Advent of Code is a yearly programming challenge involving 25 puzzles, released daily in December. I published all my solutions for 2021 on GitHub. I’m featuring some of the more interesting or odd ones in a series of posts.

In this problem we are asked to simulate an arithmetic logic unit (ALU) over a sequence of assembly-like instructions, e.g. inp w for “read an input value and write it to variable w” or div z 3 for “update the variable z to floor(z/3).” The ALU maintains variables w, x, y, z. We must find the lexicographically greatest (or least) sequence of 14 digits \(w_0, \dots, w_{13} \in \{1, \dots, 9\}\) which, when input to the ALU, leaves z == 0 after all instructions have been executed.

The input contains 14 segments of instructions with 18 instructions each, all starting with inp w. These segments are identical everywhere except in 3 instructions, namely

  • 5th instr: div z a;
  • 6th instr: add x b;
  • 15th instr: add y c;

where a, b, c vary as follows:

\[\begin{align} a &\in \{1, 26\}; \\ b &\in \begin{cases} \{10, \dots, 13\} & \text{if } a = 1, \\ \{-13, \dots, 0\} & \text{otherwise}; \end{cases} \\ c &\in \{0, \dots, 16\}. \end{align}\]

Approach 1: Math

My initial approach was to formulate the program as a composition of 14 closely related functions. Each segment \(i\) accepts some input \(w_i\) and updates the ALU state \((w, x, y, z)\) given parameters \(p_i := (a_i, b_i, c_i)\). We don’t actually care what the new value of w is, since it is immediately overwritten in the next segment (or we’re done, in which case we only care about z). Writing \(v_i := (x_i, y_i, z_i)\); we can characterize each of the 14 instruction segments as functions

\[f_i: (w_i, v_i; p_i) \mapsto v_{i+1}.\]

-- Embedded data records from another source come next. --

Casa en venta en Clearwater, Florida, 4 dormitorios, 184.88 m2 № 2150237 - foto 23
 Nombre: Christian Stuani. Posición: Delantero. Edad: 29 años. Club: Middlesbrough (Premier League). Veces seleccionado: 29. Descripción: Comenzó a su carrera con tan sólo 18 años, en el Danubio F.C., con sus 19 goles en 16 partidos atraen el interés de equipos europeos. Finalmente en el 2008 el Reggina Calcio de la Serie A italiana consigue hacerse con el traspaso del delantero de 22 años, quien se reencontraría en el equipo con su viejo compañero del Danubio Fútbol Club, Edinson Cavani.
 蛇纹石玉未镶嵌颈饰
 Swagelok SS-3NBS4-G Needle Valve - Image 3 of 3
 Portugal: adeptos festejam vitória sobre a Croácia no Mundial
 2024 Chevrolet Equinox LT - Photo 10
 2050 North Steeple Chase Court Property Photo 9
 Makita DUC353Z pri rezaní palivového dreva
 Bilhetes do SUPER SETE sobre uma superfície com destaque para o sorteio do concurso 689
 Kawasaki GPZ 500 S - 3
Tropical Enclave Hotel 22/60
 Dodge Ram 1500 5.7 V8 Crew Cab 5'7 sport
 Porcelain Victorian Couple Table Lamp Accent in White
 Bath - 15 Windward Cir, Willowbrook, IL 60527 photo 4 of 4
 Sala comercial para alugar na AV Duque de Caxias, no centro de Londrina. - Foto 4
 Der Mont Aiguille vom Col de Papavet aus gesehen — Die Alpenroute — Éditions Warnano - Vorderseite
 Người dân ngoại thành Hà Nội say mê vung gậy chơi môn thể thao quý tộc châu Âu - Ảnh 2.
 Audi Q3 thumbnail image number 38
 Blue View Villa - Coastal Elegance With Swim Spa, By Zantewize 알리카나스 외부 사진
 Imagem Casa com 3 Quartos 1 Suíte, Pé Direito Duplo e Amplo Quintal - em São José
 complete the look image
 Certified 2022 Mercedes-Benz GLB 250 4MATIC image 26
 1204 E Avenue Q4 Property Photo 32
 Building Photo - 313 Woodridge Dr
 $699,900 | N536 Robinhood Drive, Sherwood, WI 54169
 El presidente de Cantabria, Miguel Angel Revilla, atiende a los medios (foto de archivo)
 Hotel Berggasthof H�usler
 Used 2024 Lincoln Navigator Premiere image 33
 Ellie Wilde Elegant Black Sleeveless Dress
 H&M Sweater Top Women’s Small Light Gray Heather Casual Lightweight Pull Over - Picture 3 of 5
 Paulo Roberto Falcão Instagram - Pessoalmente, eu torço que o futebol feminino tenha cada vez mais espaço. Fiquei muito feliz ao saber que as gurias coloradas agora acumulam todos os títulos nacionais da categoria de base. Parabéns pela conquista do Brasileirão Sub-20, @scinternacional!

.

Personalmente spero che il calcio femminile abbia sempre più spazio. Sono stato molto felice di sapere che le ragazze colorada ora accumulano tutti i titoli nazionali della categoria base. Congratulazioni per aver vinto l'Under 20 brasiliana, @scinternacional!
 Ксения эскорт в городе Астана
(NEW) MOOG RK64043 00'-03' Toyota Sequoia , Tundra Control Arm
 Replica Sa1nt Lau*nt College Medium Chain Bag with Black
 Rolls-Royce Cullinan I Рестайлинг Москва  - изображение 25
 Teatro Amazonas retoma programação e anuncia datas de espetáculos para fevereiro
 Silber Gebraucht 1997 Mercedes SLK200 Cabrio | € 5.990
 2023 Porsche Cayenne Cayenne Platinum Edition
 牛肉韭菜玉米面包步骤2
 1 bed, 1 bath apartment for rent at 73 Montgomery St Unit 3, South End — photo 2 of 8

I wrote some code to simulate the ALU and computed values of \(f_i\) for all possible values of \(w_i\) and \(p_i\) and “a lot” of tuples \(v_i\). (We’re not really doing math, after all.) I quickly noticed that the values of \(x_i\) and \(y_i\) had no apparent effect on the output. Begrudgingly peeking at the instruction sequence, I saw that the first instruction involving x was always mul x 0, wiping whatever we stored in x in the previous segment. The same was true for y. Hence we may as well dump useless information and reformulate the segment’s operation as

\[f_i: (w_i, z_i; p_i) \mapsto z_{i+1};\]

then the output of the entire program is given by

\[f(\mathbf w; \mathbf p) := f_{13}(w_{13}, \dotsm f_1(w_1, f_0(w_0, z_0 = 0; p_0); p_1); \dotsm p_{13})\]

and we need to find vectors \(\mathbf w\) with \(f(\mathbf w; \mathbf p) = 0\).

At this point I launched an ill-conceived search for the kernel of \(f\). I wrote awful code like this:

for w in range(1, 10):
    for z in range(-10, 11):
        for a in [1, 26]:
            for b in range(10, 14) if a == 1 else range(-13, 1):
                for c in range(17):
                    if f_i(w, z, a, b, c) == 0:
                        ker.add((w, z, a, b, c))

I drew some plots, none of them six-dimensional. I found some small patterns, like that \(f_i\) was 0 when \(z + b = w\), but felt the trail towards a proper understanding of \(f_i\) running cold. I realized my most useful ideas thus far had come from manually inspecting my specific input, so I decided to scrap the plots and go all in on decompilation.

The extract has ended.